Os dois helicópteros colidiram no ar e caíram no pátio de uma concessionária da BYD, na Avenida das Américas, no Recreio dos Bandeirantes, em 14 de junho. Uma das aeronaves pegou fogo antes mesmo de tocar o solo, o que causou múltiplas explosões devido às baterias dos carros elétricos.

Segundo relatos de moradores, o barulho da colisão e queda se assemelhou ao de estouros de fogos de artifício. Um grande incêndio se formou no local.

As vítimas foram identificadas como os pilotos Alexandre Souza e Charles Marsillac, além do cantor americano Oliver Tree Nickel, o produtor musical brasileiro Lucas Brito Chaves, o youtuber e humorista argentino Gaspar Prim Díaz, e o diretor e roteirista argentino Lucas Vignale.
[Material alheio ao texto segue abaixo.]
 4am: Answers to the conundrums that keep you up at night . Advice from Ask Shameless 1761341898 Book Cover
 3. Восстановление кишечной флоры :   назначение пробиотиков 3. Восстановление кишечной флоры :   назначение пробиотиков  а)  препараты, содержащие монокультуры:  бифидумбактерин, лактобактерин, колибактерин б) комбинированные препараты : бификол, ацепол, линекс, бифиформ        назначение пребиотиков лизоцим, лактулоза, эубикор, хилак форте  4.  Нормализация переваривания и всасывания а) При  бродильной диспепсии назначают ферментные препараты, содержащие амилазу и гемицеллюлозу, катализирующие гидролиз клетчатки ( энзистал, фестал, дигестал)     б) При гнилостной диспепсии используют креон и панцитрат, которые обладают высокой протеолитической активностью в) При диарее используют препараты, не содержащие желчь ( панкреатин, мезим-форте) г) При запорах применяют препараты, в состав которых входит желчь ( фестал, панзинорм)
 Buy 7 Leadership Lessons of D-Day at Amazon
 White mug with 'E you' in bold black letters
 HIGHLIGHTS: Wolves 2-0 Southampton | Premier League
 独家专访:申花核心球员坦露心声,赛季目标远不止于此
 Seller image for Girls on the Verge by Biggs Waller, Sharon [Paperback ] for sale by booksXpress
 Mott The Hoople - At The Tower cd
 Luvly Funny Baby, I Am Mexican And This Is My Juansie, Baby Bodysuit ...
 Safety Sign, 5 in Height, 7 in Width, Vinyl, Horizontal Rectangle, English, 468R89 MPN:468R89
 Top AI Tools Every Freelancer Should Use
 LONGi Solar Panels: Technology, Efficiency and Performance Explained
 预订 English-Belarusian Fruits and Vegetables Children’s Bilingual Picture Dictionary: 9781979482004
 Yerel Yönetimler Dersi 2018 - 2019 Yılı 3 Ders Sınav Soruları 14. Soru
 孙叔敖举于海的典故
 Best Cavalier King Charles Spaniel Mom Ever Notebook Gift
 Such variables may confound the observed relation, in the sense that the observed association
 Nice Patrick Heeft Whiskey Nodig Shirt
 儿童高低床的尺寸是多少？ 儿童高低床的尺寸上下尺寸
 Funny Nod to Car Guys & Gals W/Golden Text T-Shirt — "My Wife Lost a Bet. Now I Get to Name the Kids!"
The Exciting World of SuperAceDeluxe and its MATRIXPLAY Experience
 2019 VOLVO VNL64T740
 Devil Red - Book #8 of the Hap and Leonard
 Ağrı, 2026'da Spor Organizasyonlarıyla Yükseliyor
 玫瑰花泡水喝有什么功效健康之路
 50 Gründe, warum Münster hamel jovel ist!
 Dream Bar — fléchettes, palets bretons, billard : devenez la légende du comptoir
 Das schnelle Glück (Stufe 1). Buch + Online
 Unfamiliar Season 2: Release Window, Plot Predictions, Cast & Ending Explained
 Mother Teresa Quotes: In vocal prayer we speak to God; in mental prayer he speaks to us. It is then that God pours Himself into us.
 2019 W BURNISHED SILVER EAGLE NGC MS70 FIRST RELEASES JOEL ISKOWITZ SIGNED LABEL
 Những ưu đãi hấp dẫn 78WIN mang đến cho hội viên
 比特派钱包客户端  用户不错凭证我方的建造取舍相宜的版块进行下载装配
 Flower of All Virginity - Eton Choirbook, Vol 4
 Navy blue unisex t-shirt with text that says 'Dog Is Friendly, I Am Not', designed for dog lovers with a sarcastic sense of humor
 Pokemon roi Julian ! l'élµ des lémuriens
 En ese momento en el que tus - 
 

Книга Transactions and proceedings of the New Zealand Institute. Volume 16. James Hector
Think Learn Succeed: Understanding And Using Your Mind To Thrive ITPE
Os dois pilotos eram experientes e possuíam muitas horas de voo. Eles, inclusive, trabalhavam como instrutores para formação de outros pilotos. O acidente entre as aeronaves acendeu um alerta sobre o crescente número de ocorrências do tipo na região.
Após a colisão, a Agência Nacional de Aviação Civil (Anac) iniciou uma discussão sobre a implantação de rotas de voo por instrumentos (IFR) para helicópteros no Rio de Janeiro. Atualmente, o tráfego na cidade ocorre em corredores pré-definidos, com a separação entre aeronaves feita de forma visual, sob responsabilidade dos próprios pilotos.

O produtor brasileiro foi cremado no dia seguinte ao acidente, no Cemitério Memorial do Carmo, no Caju, na Zona Portuária do Rio. O piloto Charles de Marsillac também foi cremado naquela mesma semana. A filha dele lamentou a partida do pai.